What are your reasons for being in Asia at the moment?

Herrle: Freddie Mac regularly comes to Asia as part of our general marketing efforts. We have a global investor base and Asia is a very important part of it. At the beginning of the year we started a syndicated callable note programme with issue sizes ranging from $1.5 billion to $3 billion. Since then, Asia has been the biggest single participant in that programme outside of the US. So on this trip I'm talking to investors about Freddie Mac's activity in the callable market and our issuance programme. Investors in the region are looking at ways to increase yield without compromising credit quality and so they're looking at our callable notes.

How are these callable notes structured?

It depends. We tend to meet investors' demands. So if we hear from our dealers that there's demand for a five year no call two - if it meets our own internal requirements - we will do that and proceed to issue. Our main requirement is that we want any issue to be large enough so that it's liquid. So far we have issued $15 billion this year  that is an average of one issue per month since January.

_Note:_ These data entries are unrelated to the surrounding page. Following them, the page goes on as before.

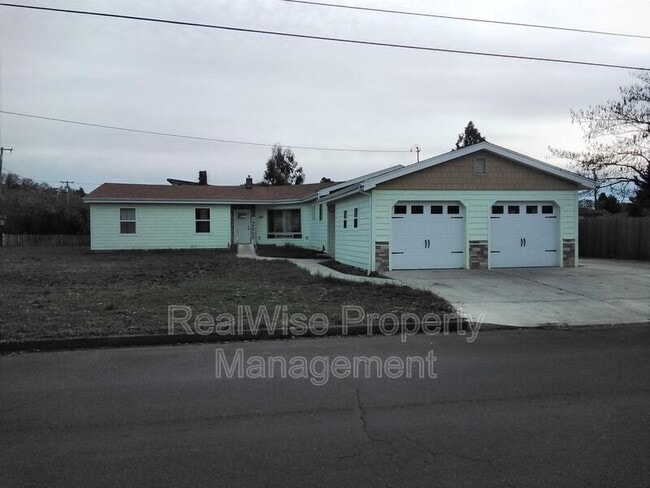 property at 2347 Cannon Ave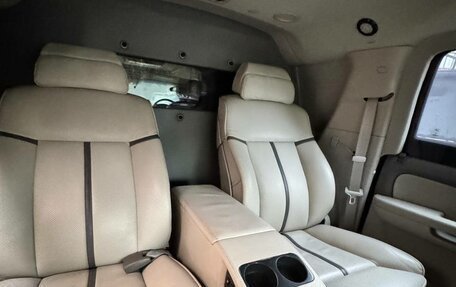 Chevrolet Suburban, 2008 год, 2 100 000 рублей, 14 фотография
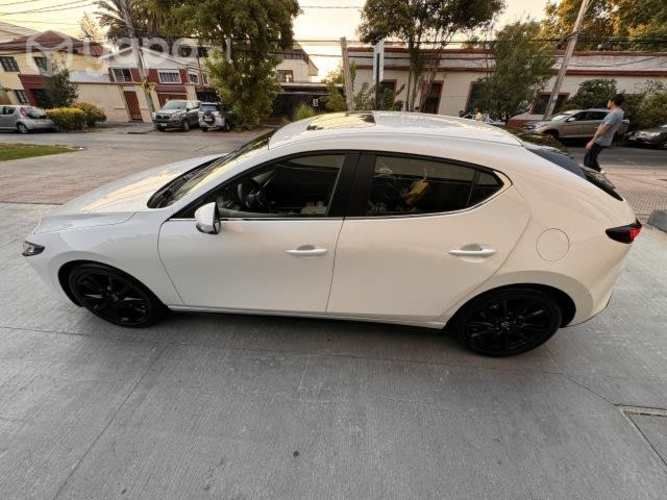 Vendo Mazda 3 Sport CORE 2.0 AT, único dueño
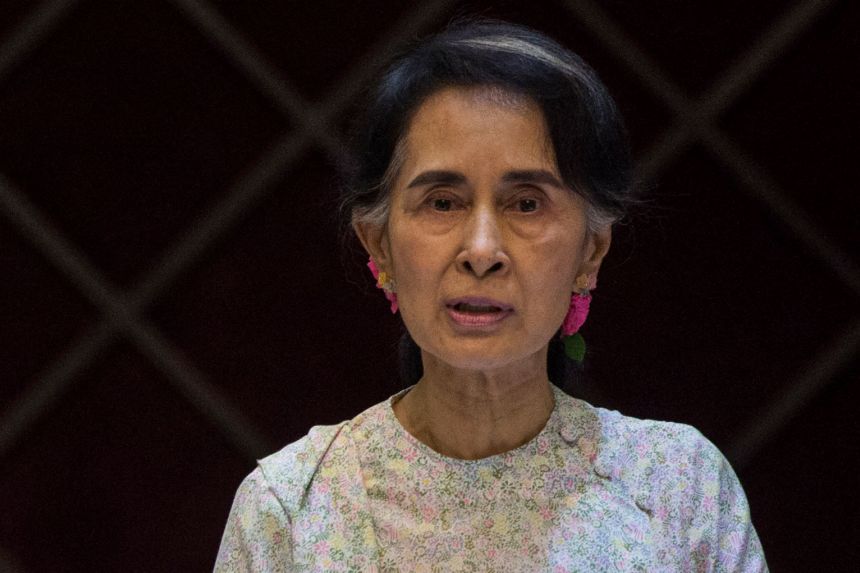 Bà Aung San Suu Kyi bị kết án 4 năm tù.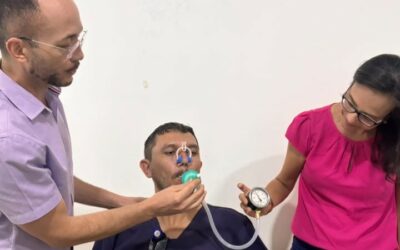 Colaboradores do Hospital Regional Justino Luz realizam treinamento para manuseio de manovacuômetro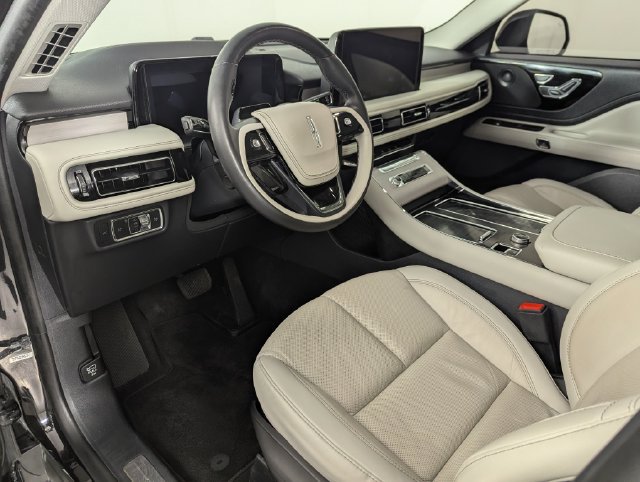 Used 2025 Lincoln Aviator Reserve w/ Jet Appearance Package AWD/4WD image 16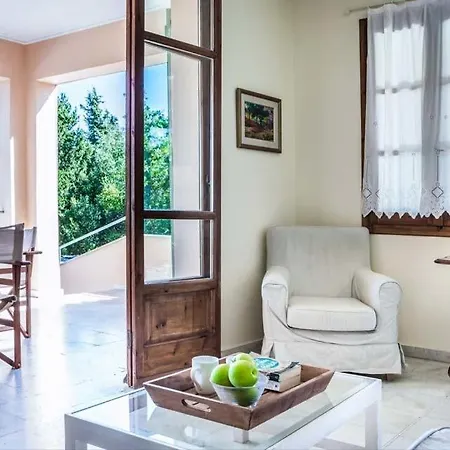 Tselentata Sleeps 8 Pool Air Con Wifi * Tselendata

Another reason why I am in Asia this time is that we have announced we are doing a 10 year Euro deal with Salomon Smith Barney, Lehman Brothers and Goldman Sachs and so I'm meeting certain investors about this deal.

How important is Asia as a source of finance for you?

Asia has always been important for us but recently it has become more important. For instance, our issue size is between $4 billion and $8 billion of Reference Notes and Eur5 billion of Reference Notes. And at the moment about 15% of that issuance goes to Asia. This is up from 10% five years ago. In the new callable products we're issuing, Asia accounts for up to 23% of the total programme. So in total we raise about $12 billion from Asia every year. Therefore it is very important for us to come to the region and meet investors and answer their questions.

What questions and issues are investors here focusing on when they meet you?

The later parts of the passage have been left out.